Given data:
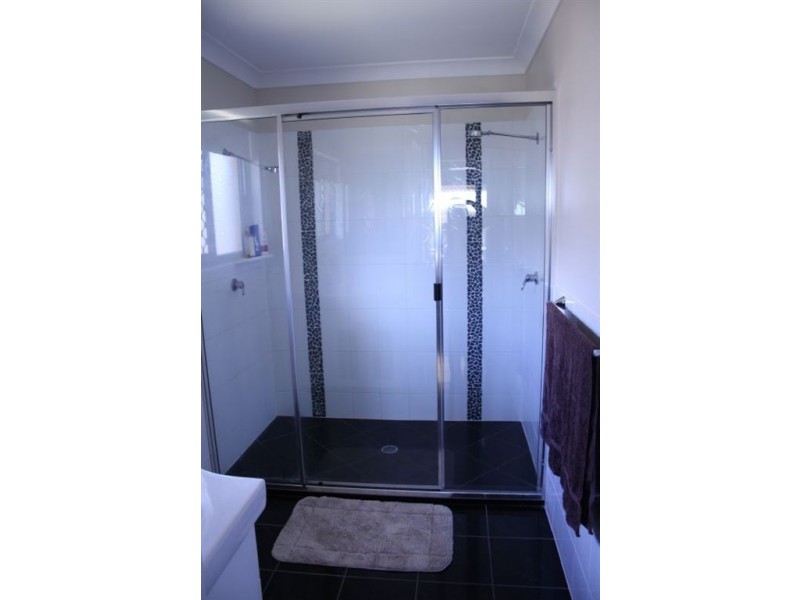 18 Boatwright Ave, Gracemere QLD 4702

...

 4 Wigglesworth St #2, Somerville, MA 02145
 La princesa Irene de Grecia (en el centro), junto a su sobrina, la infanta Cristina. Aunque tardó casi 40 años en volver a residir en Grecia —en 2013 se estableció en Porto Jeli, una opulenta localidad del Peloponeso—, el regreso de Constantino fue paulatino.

Goal of the exercise: Quote the data above from the line containing "4 Wigglesworth St #2, Somerville, MA 02145" to the line containing "La princesa Irene", inclusive, and stop.

Solution to the problem:
 4 Wigglesworth St #2, Somerville, MA 02145
 La princesa Irene de Grecia (en el centro), junto a su sobrina, la infanta Cristina. Aunque tardó casi 40 años en volver a residir en Grecia —en 2013 se estableció en Porto Jeli, una opulenta localidad del Peloponeso—, el regreso de Constantino fue paulatino.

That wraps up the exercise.